The Default Web Stack
If you're building anything that runs in a browser — a SaaS app, a dashboard, a side project — this is the stack. It's all one language (TypeScript) end to end, every piece is something AI assistants know well, and every pick has a free tier.
Read the Universal Toolbelt first — these are the picks specific to web on top of it. And remember the rule above the stack: buy or glue, don't build — rent the auth, payments, and image hosting so your time goes to the feature that's actually yours.
| Slot | Pick | Why this one | Without it you'd... | Link |
|---|---|---|---|---|
| Language | TypeScript | One language across your whole stack, and the one AI writes most reliably. | Hit type bugs at runtime and switch mental models between front and back end. | TypeScript docs |
| Framework | Next.js (React) | The default full-stack React framework: pages, API routes, and rendering in one place (use Astro instead for content-only sites). | Wire up routing, bundling, and a server by hand before writing a single feature. | Next.js docs |
| Styling | Tailwind CSS | Style directly in your markup with classes the AI knows by heart, so you skip naming things. | Maintain sprawling CSS files and invent class names like .container-wrapper-2. | Tailwind docs |
| UI components | shadcn/ui | Accessible, good-looking components copied into your repo so you own and can edit them. | Hand-build buttons, dialogs, and dropdowns — and get the accessibility details wrong. | shadcn/ui docs |
| Database | Supabase (Postgres) | Real Postgres with auth, storage, and a dashboard on a free tier — no server to run. | Install and administer a database server yourself just to store a list of users. | Supabase docs |
| ORM | Drizzle | Talk to Postgres in TypeScript with full autocomplete and type-safe queries. | Write raw SQL strings by hand and find typos only when a query fails in production. | Drizzle docs |
| Auth | Clerk | Drop-in sign-in, sign-up, and user management with a free tier — the part that's dangerous to DIY. | Hand-roll password hashing and sessions and risk leaking everyone's accounts. | Clerk docs |
| Validation | Zod | Validate forms and API input in TypeScript, with types inferred automatically. | Trust user input, write fragile manual checks, and let bad data reach your database. | Zod docs |
| Hosting | Cloudflare | Connect GitHub and your Next.js app deploys to a global edge network on every push, with a generous free tier. | Manually configure and babysit a server every time you ship a change. | Cloudflare Workers docs |
Don't bother yet
You'll see these online and feel behind.

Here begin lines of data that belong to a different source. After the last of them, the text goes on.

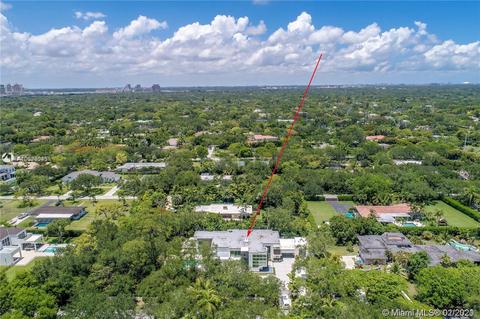 6301 SW 114th St, Pinecrest, FL 33156 photo 70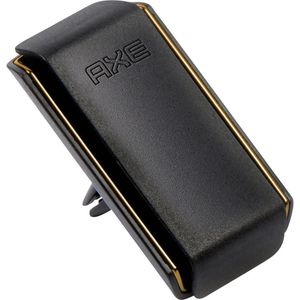 Produktbild für Autoduft Axe Vent AirFreshener, Dark Temptation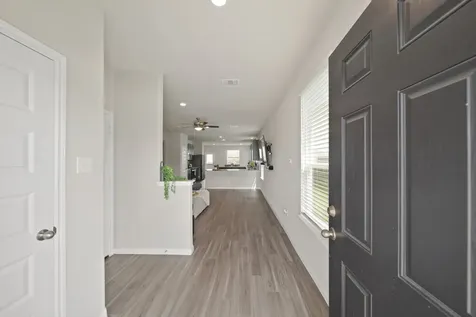 5330 Briana Dee Drive Rosharon TX 77583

You're not. Skip them until a real problem forces your hand.
- Microservices — splitting your app into many services adds huge complexity; one app (a "monolith") is correct until you have a team and scale problems.
- Kubernetes — an orchestration system for fleets of servers. Cloudflare runs your app for you; you do not have a fleet.
- Hand-rolled auth — security you'll get subtly wrong. Use Clerk or Supabase Auth.
- GraphQL — a flexible API query layer that pays off at scale; Next.js API routes are simpler and enough.
- Monorepos — tooling for managing many packages in one repo; you have one app, so you don't need it.
- Custom CI before you have tests — CI automates running tests. Write tests first; automate them later.